Dominic Green Dominic Green

Biden is losing Nato

America's scorn towards France will backfire

The forming of the Australia-UK-US (Aukus) military alliance in the Pacific shows how everything Trump can say, Biden can do. The problem is, Biden isn’t doing it very well.

Biden’s administration, like Trump’s, is committed to building its Pacific alliances while sustaining Nato. Yet on Australia as in Afghanistan, the Biden team are doing exactly what they accused Trump of: unpicking the frayed bonds of Nato without a clear idea of what might replace it.

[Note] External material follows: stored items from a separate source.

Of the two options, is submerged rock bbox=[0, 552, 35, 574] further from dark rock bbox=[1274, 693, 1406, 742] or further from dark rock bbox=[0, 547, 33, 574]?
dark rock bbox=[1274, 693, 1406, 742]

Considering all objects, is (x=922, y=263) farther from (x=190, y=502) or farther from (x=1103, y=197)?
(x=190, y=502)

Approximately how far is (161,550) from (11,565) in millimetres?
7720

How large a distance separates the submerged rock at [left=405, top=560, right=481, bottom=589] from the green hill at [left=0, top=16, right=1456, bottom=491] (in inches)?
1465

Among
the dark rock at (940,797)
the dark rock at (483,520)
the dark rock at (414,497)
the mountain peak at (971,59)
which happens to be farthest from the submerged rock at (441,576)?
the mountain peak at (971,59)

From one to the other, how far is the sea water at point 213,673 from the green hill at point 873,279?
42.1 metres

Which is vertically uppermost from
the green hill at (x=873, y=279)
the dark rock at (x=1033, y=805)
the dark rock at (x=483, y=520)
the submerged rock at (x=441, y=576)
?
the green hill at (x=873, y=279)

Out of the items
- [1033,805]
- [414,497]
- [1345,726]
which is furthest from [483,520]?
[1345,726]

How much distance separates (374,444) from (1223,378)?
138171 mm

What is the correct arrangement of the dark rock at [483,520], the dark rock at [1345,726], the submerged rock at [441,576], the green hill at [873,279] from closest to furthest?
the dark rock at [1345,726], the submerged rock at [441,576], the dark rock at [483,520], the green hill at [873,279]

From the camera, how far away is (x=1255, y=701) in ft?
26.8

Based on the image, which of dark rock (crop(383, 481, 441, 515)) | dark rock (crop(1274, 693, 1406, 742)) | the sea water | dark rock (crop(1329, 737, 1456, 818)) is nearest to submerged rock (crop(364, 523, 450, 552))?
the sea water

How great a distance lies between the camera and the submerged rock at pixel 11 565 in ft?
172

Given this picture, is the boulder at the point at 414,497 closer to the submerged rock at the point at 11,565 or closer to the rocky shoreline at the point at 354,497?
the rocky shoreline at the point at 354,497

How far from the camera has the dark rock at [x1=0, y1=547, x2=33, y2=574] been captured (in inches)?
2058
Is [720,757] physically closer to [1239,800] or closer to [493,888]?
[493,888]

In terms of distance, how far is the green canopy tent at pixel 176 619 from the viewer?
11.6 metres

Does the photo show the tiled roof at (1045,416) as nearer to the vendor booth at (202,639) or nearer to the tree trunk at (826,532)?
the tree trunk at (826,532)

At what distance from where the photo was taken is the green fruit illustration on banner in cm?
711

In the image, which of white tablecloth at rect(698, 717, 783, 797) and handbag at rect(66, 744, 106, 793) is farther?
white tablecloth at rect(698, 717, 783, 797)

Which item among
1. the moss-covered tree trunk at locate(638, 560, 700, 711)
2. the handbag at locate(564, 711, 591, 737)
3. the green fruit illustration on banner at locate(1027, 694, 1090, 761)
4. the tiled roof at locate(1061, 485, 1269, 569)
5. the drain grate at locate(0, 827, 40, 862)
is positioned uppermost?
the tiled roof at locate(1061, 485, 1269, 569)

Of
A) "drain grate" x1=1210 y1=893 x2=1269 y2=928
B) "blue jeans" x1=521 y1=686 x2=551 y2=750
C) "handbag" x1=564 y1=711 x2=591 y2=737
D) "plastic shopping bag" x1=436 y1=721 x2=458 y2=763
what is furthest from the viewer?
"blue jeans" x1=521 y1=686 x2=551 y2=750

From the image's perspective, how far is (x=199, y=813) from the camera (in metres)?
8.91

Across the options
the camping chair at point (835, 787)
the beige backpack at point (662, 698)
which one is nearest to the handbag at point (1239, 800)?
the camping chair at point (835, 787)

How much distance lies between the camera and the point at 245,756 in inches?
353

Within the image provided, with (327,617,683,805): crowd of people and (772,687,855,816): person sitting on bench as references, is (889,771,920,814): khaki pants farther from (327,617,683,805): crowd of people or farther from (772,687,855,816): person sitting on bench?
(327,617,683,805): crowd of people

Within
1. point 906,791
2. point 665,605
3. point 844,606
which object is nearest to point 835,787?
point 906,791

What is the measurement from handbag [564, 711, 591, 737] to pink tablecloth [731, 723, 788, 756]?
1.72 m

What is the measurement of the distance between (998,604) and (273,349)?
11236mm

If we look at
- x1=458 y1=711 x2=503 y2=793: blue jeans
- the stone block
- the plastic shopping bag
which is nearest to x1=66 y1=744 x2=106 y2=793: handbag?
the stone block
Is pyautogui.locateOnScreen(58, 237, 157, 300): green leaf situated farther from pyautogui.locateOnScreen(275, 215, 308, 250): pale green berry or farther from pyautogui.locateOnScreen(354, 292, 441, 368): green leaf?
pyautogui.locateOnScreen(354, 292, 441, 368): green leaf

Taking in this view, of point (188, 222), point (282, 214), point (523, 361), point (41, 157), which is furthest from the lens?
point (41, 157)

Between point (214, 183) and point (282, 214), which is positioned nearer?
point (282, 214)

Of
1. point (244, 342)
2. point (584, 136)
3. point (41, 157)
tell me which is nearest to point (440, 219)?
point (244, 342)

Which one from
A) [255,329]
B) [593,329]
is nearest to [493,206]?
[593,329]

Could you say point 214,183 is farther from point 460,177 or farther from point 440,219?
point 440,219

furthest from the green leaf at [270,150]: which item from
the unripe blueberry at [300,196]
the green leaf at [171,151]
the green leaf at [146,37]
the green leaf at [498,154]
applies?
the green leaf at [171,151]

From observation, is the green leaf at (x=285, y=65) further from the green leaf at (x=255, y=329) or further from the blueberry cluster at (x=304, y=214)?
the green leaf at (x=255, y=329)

The government has three tasks: to keep American workers at work, win contracts for American exports, and secure America’s interests overseas. Two cheers for Biden for getting the Trump memo on the first two points. But the Aukus deal is deaf to the third point, which is likely to harm America’s foreign interests.

When Tahiti goes nuclear, we can expect that French companies will win the contracts

Emanuel Macron has responded to Australia swapping French-made diesel submarines for American-made nuclear subs by treating the US like an enemy. The French ambassador to Washington has been ‘withdrawn for consultations’. The French foreign minister has accused the US of a ‘stab in the back’.

The French have a word for it: pique. Emanuel Macron is piqued as hell. Fair enough: France and Australia made a $90-billion deal in 2016. Then again, Naval Group, the French signatory, had fallen behind and costs had overrun. All is fair in the business of war.

Macron’s reaction suggests that the Australians were right to cancel their contract for French subs. For it confirms that France is as France does, which means that France is impelled to fall out with les Anglo-Saxons now and then. It’s not just pique or honour. It’s history and geography, two subjects which are out of favour in our digital world, but which remain at the heart of world affairs.